Closed Gavinwxy closed 1 year ago
Hi @Gavinwxy
Sorry for the late reply, I was in a rush to prepare a rebuttal, and I hope you are still interested in this topic.
In short, rather than calculating a random vector, we infer the VAT perturbation noise, as demonstrated in the code below.
pred_hat = (decoder1(x_detached + xi * d) + decoder2(x_detached + xi * d))/2
The perturbation is based on virtual adversarial training. The motivation is to maximize the distance between the perturbed prediction and its original version. Given that the network will remain fixed, the gradient-guided noise is calculated to maximize the distance, and such VAT noise is intended to confuse the network as much as possible. To archive the satisfied perturb effect, the pseudo label's quality is important as it determines the gradient direction.
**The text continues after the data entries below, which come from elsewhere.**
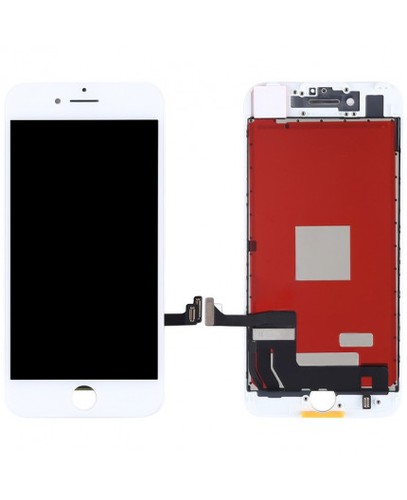 écran remplacement iphone - de,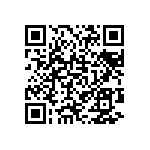 483-G111-K1M1-A1S1ZN-3A QRCode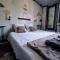 2CH 4pers matelas M de Forme Kitchenette SDB WC au calme côté jardin - 图勒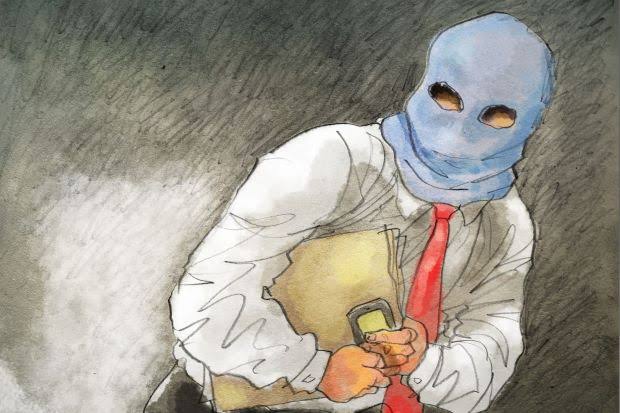 Store manager booked for misappropriating goods worth ₹73,475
In our work, we've found the teachers/students are in same domain (please feel free to mean-average the parameters of both teachers/students and check the results) and the ensemble of the prediction provides more reliable pseudo-labels during the training process. Hence, we employ teacher ensemble to calculate the VAT perturbation in this line .
Cheers, Yuyuan
Thanks for your reply. I will check the original VAT paper for more details.
You are very welcome.
Hi,
Thanks for sharing the code. I am trying to figure out the design of feature perturbation. One questions is that, in this line of code, what is the purpose of subtracting 0.5 from the random vector? Is it simply an engineering trick or related to some theoretical considerations?